**Instructions to follow**.
Please make an exact transcription of all the data that follows.

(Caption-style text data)
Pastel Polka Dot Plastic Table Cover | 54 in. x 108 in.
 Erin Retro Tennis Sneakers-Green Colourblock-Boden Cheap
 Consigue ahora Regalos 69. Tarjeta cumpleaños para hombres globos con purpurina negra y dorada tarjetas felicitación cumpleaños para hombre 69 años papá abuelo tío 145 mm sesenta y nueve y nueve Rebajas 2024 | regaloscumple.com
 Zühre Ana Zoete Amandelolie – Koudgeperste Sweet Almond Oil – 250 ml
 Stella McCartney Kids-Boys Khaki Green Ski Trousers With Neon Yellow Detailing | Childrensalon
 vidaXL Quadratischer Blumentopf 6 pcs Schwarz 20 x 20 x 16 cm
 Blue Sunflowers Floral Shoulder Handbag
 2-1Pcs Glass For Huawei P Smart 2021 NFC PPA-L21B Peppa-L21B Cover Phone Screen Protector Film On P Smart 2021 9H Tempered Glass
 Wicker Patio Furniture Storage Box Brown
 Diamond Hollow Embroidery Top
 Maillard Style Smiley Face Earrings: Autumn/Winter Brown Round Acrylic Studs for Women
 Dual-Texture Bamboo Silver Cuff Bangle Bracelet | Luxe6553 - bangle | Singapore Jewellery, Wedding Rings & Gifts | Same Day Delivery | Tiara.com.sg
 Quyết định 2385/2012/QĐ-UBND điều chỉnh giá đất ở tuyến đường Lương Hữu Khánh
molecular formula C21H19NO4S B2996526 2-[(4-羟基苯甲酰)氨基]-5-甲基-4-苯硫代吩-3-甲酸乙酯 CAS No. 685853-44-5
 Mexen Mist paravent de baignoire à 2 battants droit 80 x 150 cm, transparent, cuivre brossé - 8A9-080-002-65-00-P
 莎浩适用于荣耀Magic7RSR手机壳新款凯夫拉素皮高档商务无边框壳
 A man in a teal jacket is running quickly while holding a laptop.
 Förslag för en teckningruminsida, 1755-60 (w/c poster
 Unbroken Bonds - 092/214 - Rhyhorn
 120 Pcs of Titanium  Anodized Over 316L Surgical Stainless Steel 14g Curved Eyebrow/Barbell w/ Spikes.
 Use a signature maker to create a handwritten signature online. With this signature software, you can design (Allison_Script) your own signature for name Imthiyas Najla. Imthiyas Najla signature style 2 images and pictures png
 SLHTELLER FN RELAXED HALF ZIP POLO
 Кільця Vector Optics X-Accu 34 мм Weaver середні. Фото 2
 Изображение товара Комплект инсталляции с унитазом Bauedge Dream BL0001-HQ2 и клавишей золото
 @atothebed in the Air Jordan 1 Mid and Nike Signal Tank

**Completed task**.
Pastel Polka Dot Plastic Table Cover | 54 in. x 108 in.
 Erin Retro Tennis Sneakers-Green Colourblock-Boden Cheap
 Consigue ahora Regalos 69. Tarjeta cumpleaños para hombres globos con purpurina negra y dorada tarjetas felicitación cumpleaños para hombre 69 años papá abuelo tío 145 mm sesenta y nueve y nueve Rebajas 2024 | regaloscumple.com
 Zühre Ana Zoete Amandelolie – Koudgeperste Sweet Almond Oil – 250 ml
 Stella McCartney Kids-Boys Khaki Green Ski Trousers With Neon Yellow Detailing | Childrensalon
 vidaXL Quadratischer Blumentopf 6 pcs Schwarz 20 x 20 x 16 cm
 Blue Sunflowers Floral Shoulder Handbag
 2-1Pcs Glass For Huawei P Smart 2021 NFC PPA-L21B Peppa-L21B Cover Phone Screen Protector Film On P Smart 2021 9H Tempered Glass
 Wicker Patio Furniture Storage Box Brown
 Diamond Hollow Embroidery Top
 Maillard Style Smiley Face Earrings: Autumn/Winter Brown Round Acrylic Studs for Women
 Dual-Texture Bamboo Silver Cuff Bangle Bracelet | Luxe6553 - bangle | Singapore Jewellery, Wedding Rings & Gifts | Same Day Delivery | Tiara.com.sg
 Quyết định 2385/2012/QĐ-UBND điều chỉnh giá đất ở tuyến đường Lương Hữu Khánh
molecular formula C21H19NO4S B2996526 2-[(4-羟基苯甲酰)氨基]-5-甲基-4-苯硫代吩-3-甲酸乙酯 CAS No. 685853-44-5
 Mexen Mist paravent de baignoire à 2 battants droit 80 x 150 cm, transparent, cuivre brossé - 8A9-080-002-65-00-P
 莎浩适用于荣耀Magic7RSR手机壳新款凯夫拉素皮高档商务无边框壳
 A man in a teal jacket is running quickly while holding a laptop.
 Förslag för en teckningruminsida, 1755-60 (w/c poster
 Unbroken Bonds - 092/214 - Rhyhorn
 120 Pcs of Titanium  Anodized Over 316L Surgical Stainless Steel 14g Curved Eyebrow/Barbell w/ Spikes.
 Use a signature maker to create a handwritten signature online. With this signature software, you can design (Allison_Script) your own signature for name Imthiyas Najla. Imthiyas Najla signature style 2 images and pictures png
 SLHTELLER FN RELAXED HALF ZIP POLO
 Кільця Vector Optics X-Accu 34 мм Weaver середні. Фото 2
 Изображение товара Комплект инсталляции с унитазом Bauedge Dream BL0001-HQ2 и клавишей золото
 @atothebed in the Air Jordan 1 Mid and Nike Signal Tank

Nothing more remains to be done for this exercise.